The last series from the “intro” course is to wrap up all the knowledge you’ve learned so far. This last step nicely combines all the previous ones you’ve (or should’ve) made, testing your knowledge in different areas at once.
0x01 and 0x02: ECB-to-Win
These tasks test your understanding of the vulnerable ECB mode in the AES cipher and your knowledge of basic buffer overflow techniques.
You have two programs that encrypt and decrypt data using an unknown key. To verify that the data was encrypted with the “correct” script, the encryption part prepends two values to the plaintext: the constant VERIFIED and the length of the following plaintext so that the decrypting part could check them.
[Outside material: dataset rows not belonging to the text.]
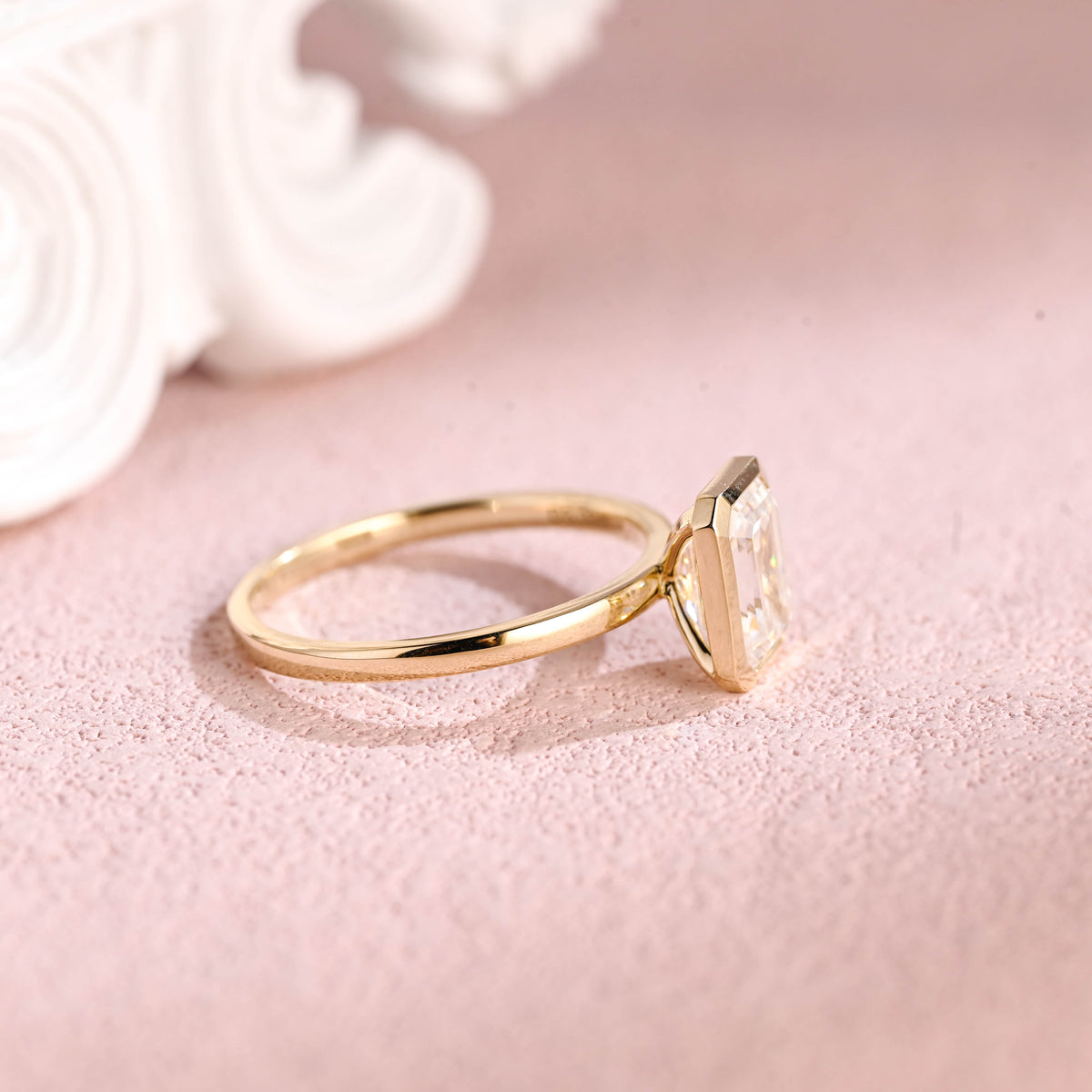 Side profile of a modern bezel set emerald cut lab diamond engagement ring.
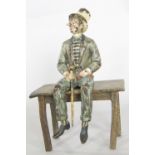 A cold painted figure of a monocled dapper man with top hat and cane seated on a table, 13cm tall.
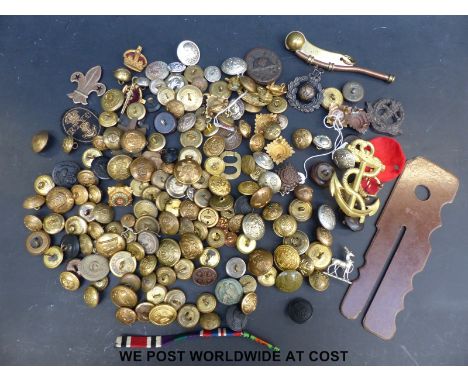 A box of miscellaneous military badges and buttons including Nazi German, British and a bosun's whistle and button stick. 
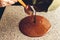 Making handmade chocolates. Confectioner pours liquid dark chocolate to the surface. Close-up. Selective focus.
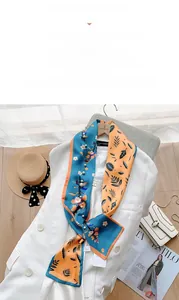 Detail of floral pattern silk scarf paired with elegant white pearl necklace accessory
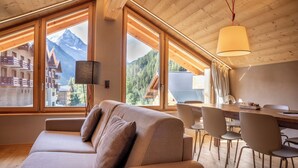A modern interior with a sofa, dining table, chairs, and large windows offering mountain views.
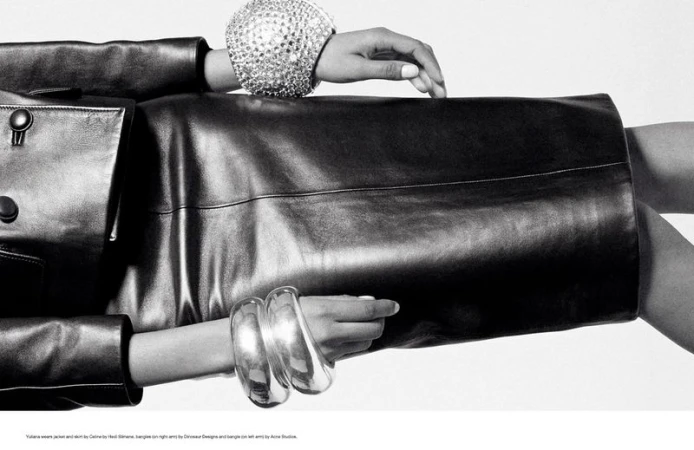 Cropped studio shot of a fair-skinned model wearing a black leather jacket, skirt, and sparkling silver bracelets against a white backdrop.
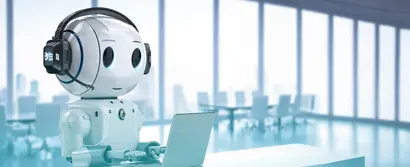 A humanoid robot with a headset works on a laptop in a modern office.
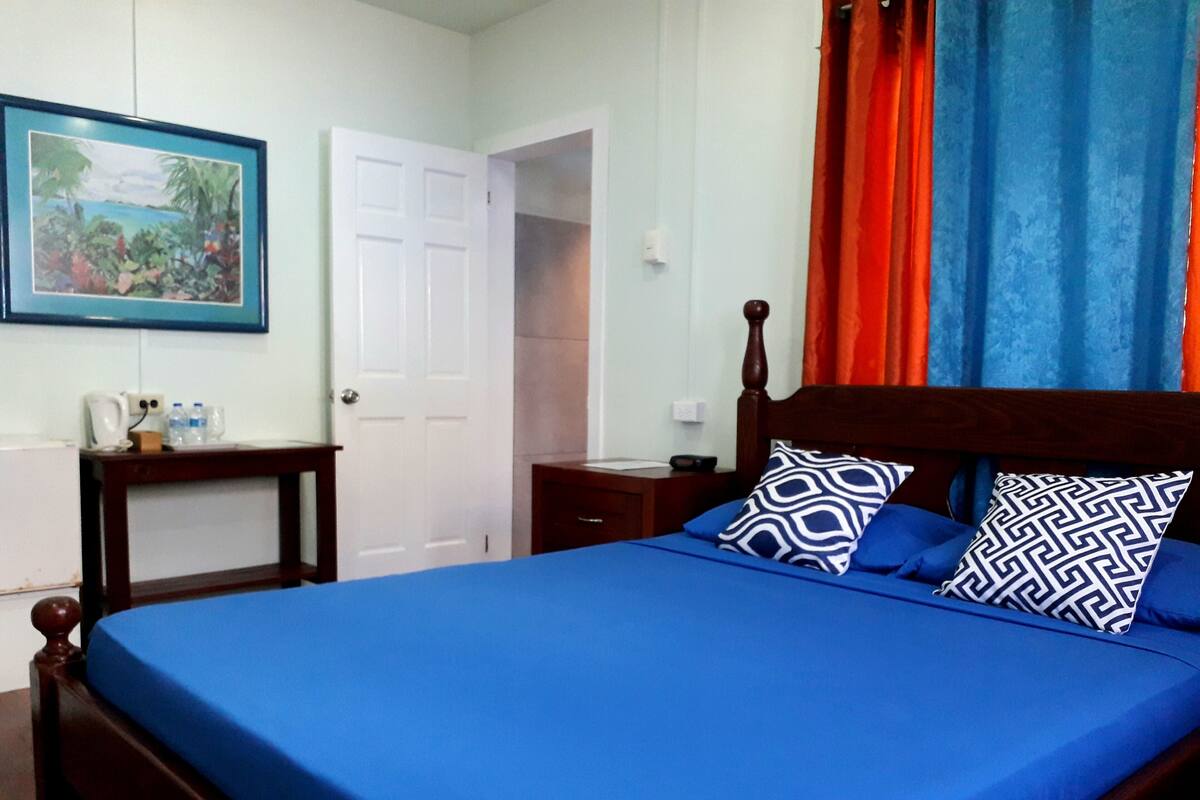 A bedroom with a wooden bed, blue bedding, and patterned pillows.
Furthermore, both parts limit the plaintext to only 16 bytes.
The decryptor, written in C, suffers from a classic buffer overflow: it checks the header and its size but doesn’t verify the plaintext’s size, decrypting it into a fixed-size stack buffer. Therefore, your task is to find a way to “trick” the decryptor, pass the header length check, and force it to decrypt plaintext that exceeds the buffer size.
You probably remember from the “Cryptography” course that ECB mode uses fixed-size blocks that are independent of each other. That is, it simply splits the data into fixed-size blocks, adds padding to the last block if necessary, and encrypts each block separately.
Given that the entire check is built around the header and fits perfectly into one block, nothing prevents you from putting any necessary data there and using it with plaintext longer than the size encoded in the header.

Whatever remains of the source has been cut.